3. How are the rotary rakes when it comes to flipping/turning hay that's had some rain or heavy dew? With my rollabar rake, I can let the top of the windrow dry, if it get a sprinkle, hit it with the outer edge of the rake and roll the windrow over, exposing the bottom for more drying.

4. How are the single rotary rakes when it comes to combining multiple windrows? I had one field last year that on the last cutting, the hay was so thin, we probably raked 4 or 5 tiny windrows together. We kept pushing them to the side, picking up the hay next to the rake until we hade a good sized windrow to bale. Is this possible with a rotary?

5. Uneven ground, how do the rotary rakes perform on lumpy, uneven ground with the large diameter of sweep.

6. Longevity - my old JD rollabar rake is at least 50 years old and still going strong. I'd like to get 10 years minimum out of a piece of equipment. I'm pretty confident if I bought a new - New Holland Rollabar 258 rake, my kids would be using it long after I take up the porch and rocking chair. How durable are these rotary rakes?

I appreciate the info - just looking for every drying advantage I can get, it all adds up.

Thanks!
Bill


----------



## Hayman1 (Jul 6, 2013)

leeave96 said:


> I've got a nimble 7ft 3-pt mounted John Deere 350 rollabar rptype rake - so far, it's been great!
> 
> As we move forward, we are eyeing 9ft equipment to shave off some time around the fields, especially after working the day job.
> 
> ...


Bill, I been there, done that, exactly. If I don't answer all your questions, let me know

I started with a NH56, 50 years old having used a steel wheel NI side delivery knot maker and a NI 5 wheel rake with my dad. Knew that if I just got a NH rollabar, life would be sweet. It was for the most part but the metal fatigue in rake bars, well, I decided to up grade. Sold my 50+ year old 56 and bought a brand new 258 with dolly. absolutely knew life would be the best. I wanted the 258 because the additional width gives you options. Except the dang thing would cavitate if you went too fast and I don't mean rock and rolling down the field. Sooo, when I went to upgrade my NH 163 tedder to a real Tedder made by Krone, I asked the dealer to make me a deal on two trades (the 258 and the 163) on trade for a krone 4 banger and 38T rotary. Would never go back, not ever.

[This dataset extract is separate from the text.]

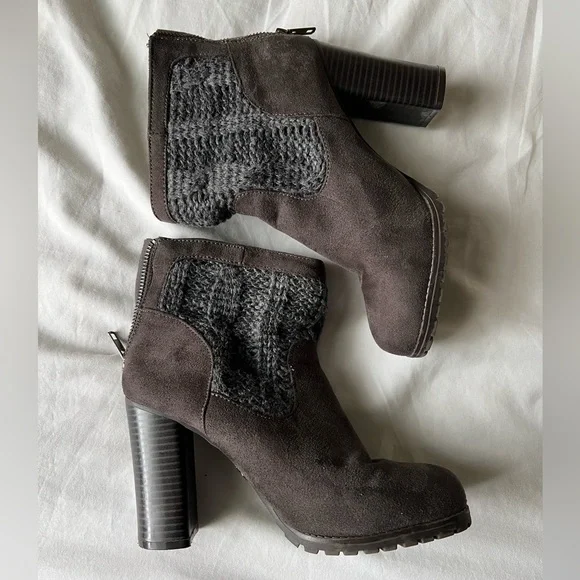 📦 Juicy Couture Brown Booties, 6.5w - Picture 6 of 6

the 38T rakes faster, better, no ropes, each time you hit a wad with the rake it gets better-more spread out-where as with the rollabar, each time it gets worse, the windrows out of a 38T stand the hay up on end for better air flow, they are vertical windrows instead of horizontal (highly adjustable with ground speed, pto speed, and curtain setting. They just treat hay with more respect than a rollabar. No problem on uneven ground unless you are trying to de thatch which is not the intended purpose for a hay rake. I have had 0 issues with baling the rotary windrow. For thinner hay, I rake it into the field until I get the windrow size I want then switch directions and kick it out one pass around. If part of the field is thick, I can issolate that area leaving a partial windrow and keep going. the lift feature on the rotaries is really nice for crossing windrows without making a mess. Go shop at the Krone store, skip the 258 or a NH rotary. This from someone who used to say they would never own hay equipment that was not red with yellow wheels.. just sayin, rick


----------



## Hayman1 (Jul 6, 2013)

oh, and one other thing, a NH 1409 is the 9 foot and inches machine, forget the new number, and the tedder and 38T are wonderfully matched for that cut width.


----------



## slowzuki (Mar 8, 2011)

The rotary rake action stands the "wads" up on end in the windrow. If you run over it again it tears the wads apart and restands them up. It is not a perfect action like a windrow invertor if you are trying to flip a rained on windrow upside down.


----------



## Trotwood2955 (Sep 4, 2012)

Bill -

I grew up using NH bar rakes (256) and have raked plenty of hay with them. Thought I needed to upgrade and bought an 8 wheel carted Tonutti rake one year. Hated it for the same reasons as discussed on this forum many times - balled up in heavy hay, couldn't adjust raking width and windrow size independently, etc. After about two years it was parked and we went back to the 256, then eventually sold the wheel rake and bought a 258 and ran the two bar rakes for several years. Generally happy with these rakes but they were still slow and started looking at rotary rakes for additional capacity and drying time. After several years of thinking, pondering and shopping finally bought a new Kuhn 4221 two years ago and sold the 258. Kept the 256 as a backup but in two years and hundreds of acres of hay it has only left the shed one day - and that was only because we had a lot of acres down and were trying to beat the weather running two rakes at the same time.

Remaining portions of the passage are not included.